Gold supply from recycled materials may fall as much as 25% in 2013 from 1,600 metric tons in 2012 as this year’s slump, set to be the biggest since 1997, deters holders from selling the metal, Marcus Grubb, managing director of investment research at the World Gold Council in London, said in an interview this week. Central banks will add about another 400 tons to gold reserves this year after buying almost 535 tons last year, the most since 1964, he said.
The central-bank buying won’t be enough to prevent further declines, Goldman Sachs Group Inc. wrote in a July 24 report. Prices will probably trade near $1,300 until the end of this year before dropping to $1,050 by December 2014 on a stronger U.S. economy and reduced monetary policy, the bank estimates.

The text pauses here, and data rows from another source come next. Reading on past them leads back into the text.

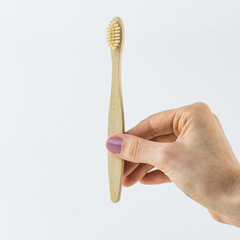 Escova dental de bambu biodegradável infantil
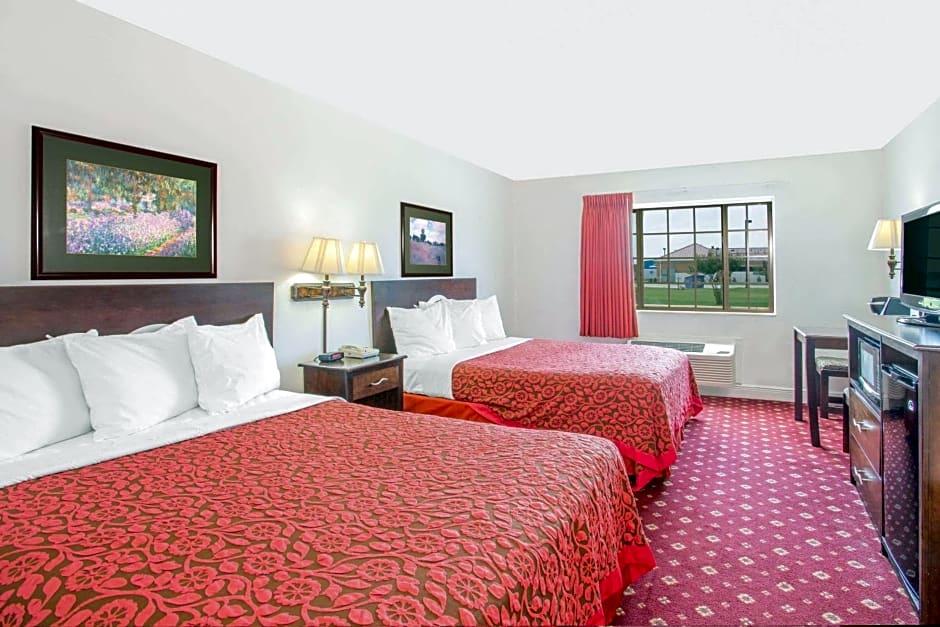 Days Inn by Wyndham Lake Village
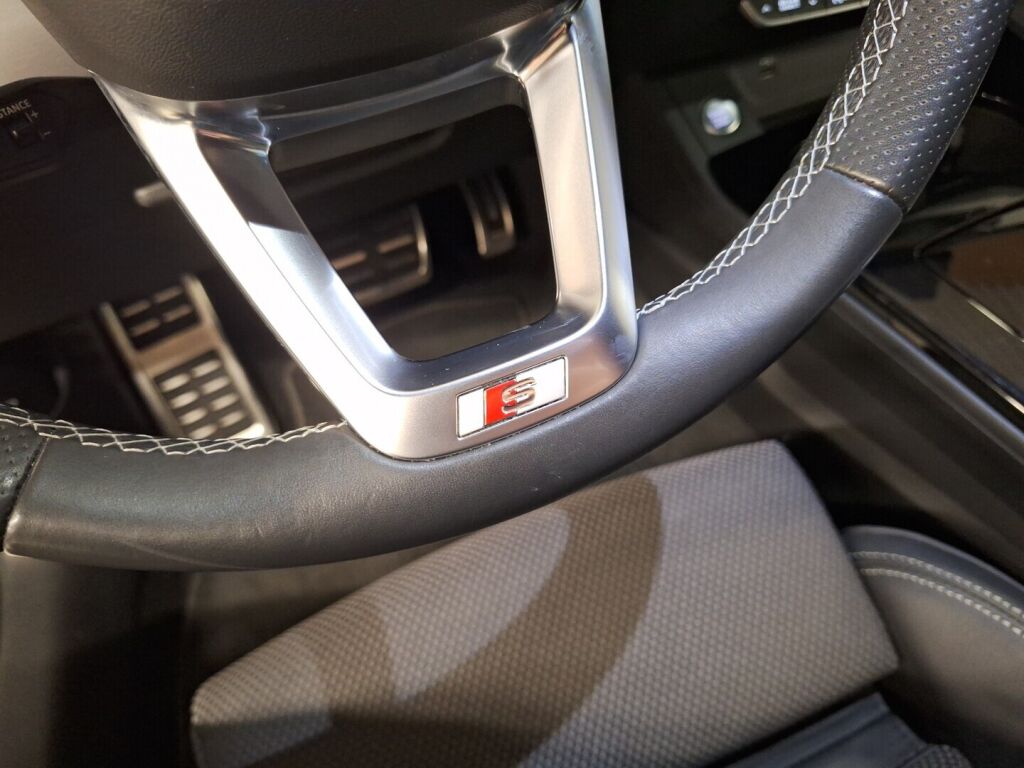 Audi A4 2021 Valkoinen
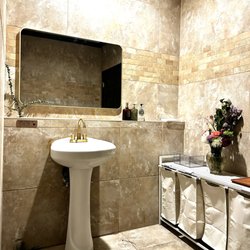 Eve Milan - Restroom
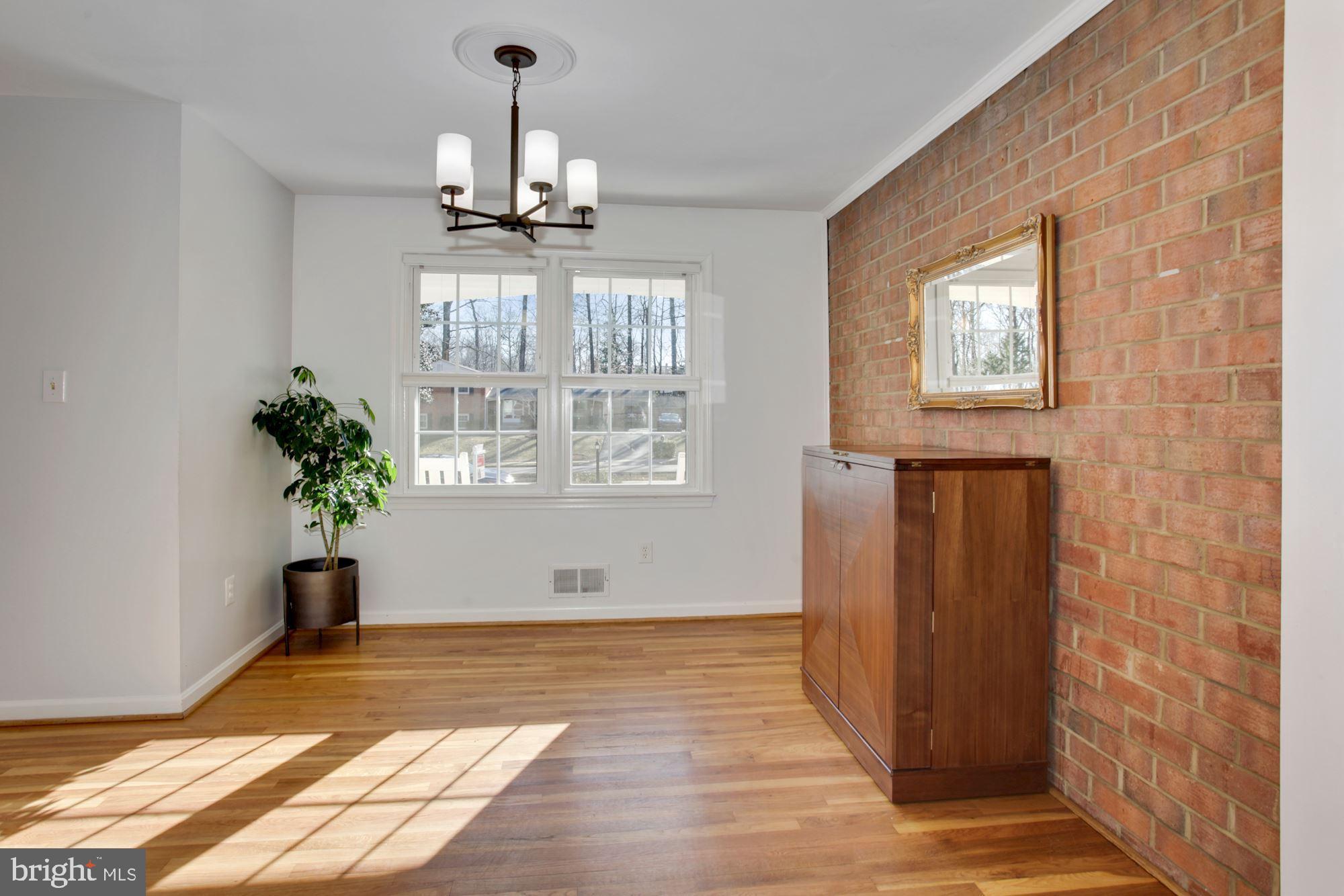 6618 Huntsman Boulevard Springfield, VA 22152 - Photo 8 of 20 Dining Room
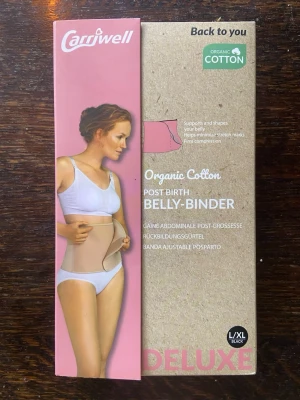 Carrriwell Belly-Binder i svart bomull - Säljer en svart post birth belly-binder från Carriwell i ekologisk bomull. Den ger fast kompression och stöd för magen efter graviditet. Justerbar passform och diskret design som formar och stödjer magen. Perfekt för dig som vill ha extra stöd efter förlossning.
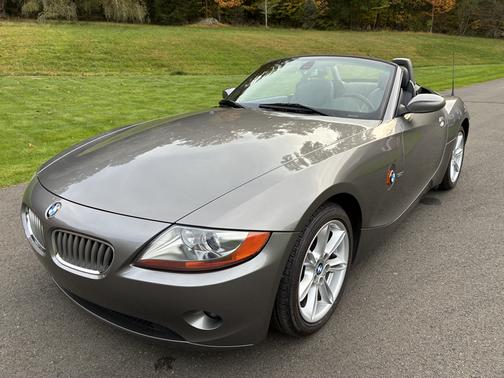 Gray 2003 BMW Z4 3.0i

Bullion fell in eight of the previous nine months because the unprecedented money printing by central banks that helped push U.S. equities to a record failed to spur inflation. Gold will slip to $1,200 by the end of September, averaging $1,000 next year and $840 in 2015, ABN Amro Group NV said yesterday.
“The demand from the physical side is not enough to be able to support prices,” said Nicholas Thompson, executive director at Morgan Stanley Wealth Management. “A stronger dollar coupled with the strength in the equity market and higher real interest rates will keep a cap on gold prices. There is no real catalyst for prices to rise.”
Hedge funds and other large speculators cut bets on higher prices by 72% since October, holding a net-long 55,535 contracts on July 16, U.S. Commodity Futures Trading Commission data show. Bullish wagers reached a six-year low of 31,197 contracts on June 25. Investors sold 662 tons from ETPs this year, wiping $57.5 billion from the value of the funds, data compiled by Bloomberg show. Holdings reached 1,969.88 tons on July 25, the lowest in more than three years.
Billionaire John Paulson owns the largest stake in the SPDR Gold Trust, the biggest bullion ETP. His PFR Gold Fund slid 23% in June, extending this year’s loss to 65%. The slump is also hurting miners. Newcrest Mining Ltd., Australia’s top gold producer, said in June it will write down the value of its assets by as much as A$6 billion ($5.5 billion).
Gold dropped below the level that some producers need to break even this year, leading some banks, including UniCredit SpA, to anticipate contracting supply in the next several years that may help halt the retreat. Credit Suisse Group AG forecasts prices will average $1,180 next year and $1,200 in 2015, and predicts a long-term price of $1,300.
The slump of as much as 39% from the 2011 all-time high is less than the 65% plunge in the 2 1/2 years following the then-record price of $850 set in January 1980. Former U.S. President Richard Nixon severed the dollar peg to gold in 1971 and the government lifted curbs on citizens owning gold at the end of 1974.